# Teach me?



## Almi (Sep 5, 2008)

Can anyone tell me (or give me a link to) a simple guide to saltwater husbandry? How is it different than freshwater and what all is needed for a successful setup? Any tips/frequently asked questions/common mistakes you can tell me about would be awesome, also if you can tell me a little about the most common species found in pet stores.

Both links and word of mouth would be great!

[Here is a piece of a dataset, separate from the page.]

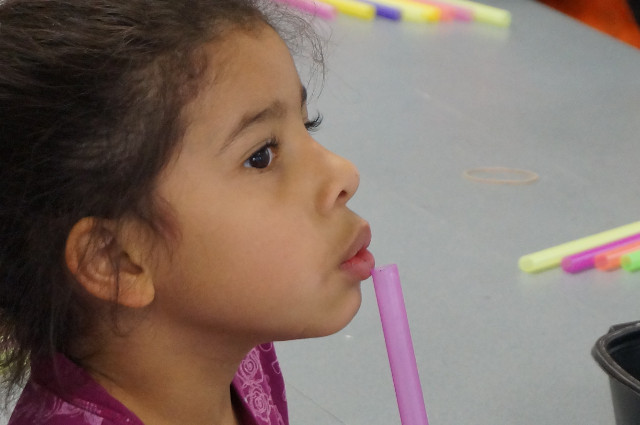 Blow across the top of the straw.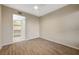 Bedroom with a large walk-in closet and light wood-look floors at 20 Serene Ave # 201, Las Vegas, NV 89123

Thanks!


----------



## Fishfirst (Jan 24, 2005)

Almi said:


> Can anyone tell me (or give me a link to) a simple guide to saltwater husbandry?  http://www.wetwebmedia.com/marine/setup/marsetupindex1.htm a good place to start however I also recommend a good book as well such as The New Marine Aquarium by Mike Paletta How is it different than freshwater and what all is needed for a successful setup? well there are a lot of things that are different but the three main things are 1. Salt 2. lower amounts of fish/volume of water and concequently less nitrogenous waste 3. consistency... constant water temp and parameters are needed for a healthy system.  Any tips/frequently asked questions/common mistakes you can tell me about would be awesome,  Top 3 mistakes 1. Going to fast 2. Starting too small 3. Overstocking your tank  also if you can tell me a little about the most common species found in pet stores.
> 
> Both links and word of mouth would be great! Thanks!


http://www.liveaquaria.com/product/aquarium-fish-supplies.cfm?c=15

Top 10 choices for a tank between 30-55 gallons
1. Ocellaris Clownfish
2. Blue Green Chromis
3. Pajama Cardinalfish
4. Royal Gramma
5. Six Line Wrasse
6. Yellow Watchmen Goby
7. Neon Goby
8. Coral Beauty Angelfish
9. Firefish/Purple Firefish
10. Yellow Tailed Blue Damsel


Top 10 worst choices for a tank between 30-55 gallons
1. Sharks and Rays
2. Triggers Boxfish/Cowfish and Puffers
3. Groupers Sweetlips and Hamlets
4. Tangs and Batfish
5. Large Species of Angelfish
6. Most Eels
7. Lionfish
8. Anthias
9. Large Wrasses and Parrotfish
10. Damsels except for the formentioned
Note: the worst choices include GROUPS of all kinds of species that should be avoided as a whole.


----------



## Felicia (Jul 17, 2008)

Personally, I think the main attraction in the saltwater hobby is the inverts. Corals, crustaceans, etc. There's a whole new world of animals out there that you have never experienced with freshwater. You can do a "nano" type tank if you keep fish stocking low. 

Probably the most important thing for you to learn about is water chemistry of a saltwater reef tank. There's a lot more to it than just freshwater.

wetwebmedia.com is an awesome site, I use it all the time. The advice there is honest because no one is trying to sell you anything.


----------



## Almi (Sep 5, 2008)

Thank you!!


----------